◆ TASK BRIEF ◆
Keep the images out while you retype all of the data exactly.

◆ SUPPLIED INFORMATION ◆

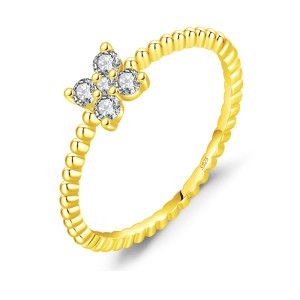 S925 Flower Moissanite Band Ring 110200038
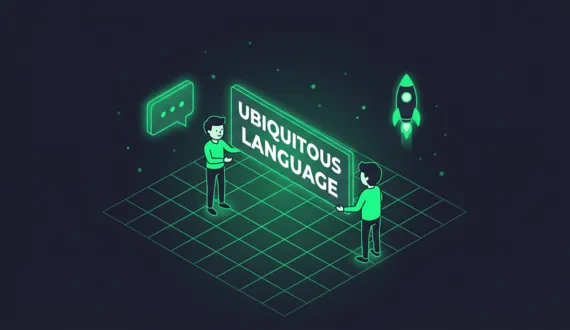 Grünes Banner Ubiquitous Language zwischen zwei Figuren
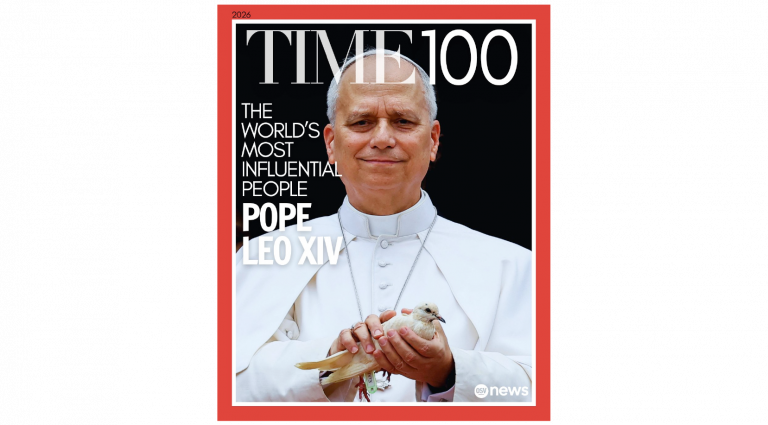 Léon XIV apparaît aux côtés de personnalités telles que Claudia Sheinbaum, Donald Trump, Marco Rubio et Mark Carney © OSV / Time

◆ THE COMPLETED TASK ◆
 S925 Flower Moissanite Band Ring 110200038
 Grünes Banner Ubiquitous Language zwischen zwei Figuren
 Léon XIV apparaît aux côtés de personnalités telles que Claudia Sheinbaum, Donald Trump, Marco Rubio et Mark Carney © OSV / Time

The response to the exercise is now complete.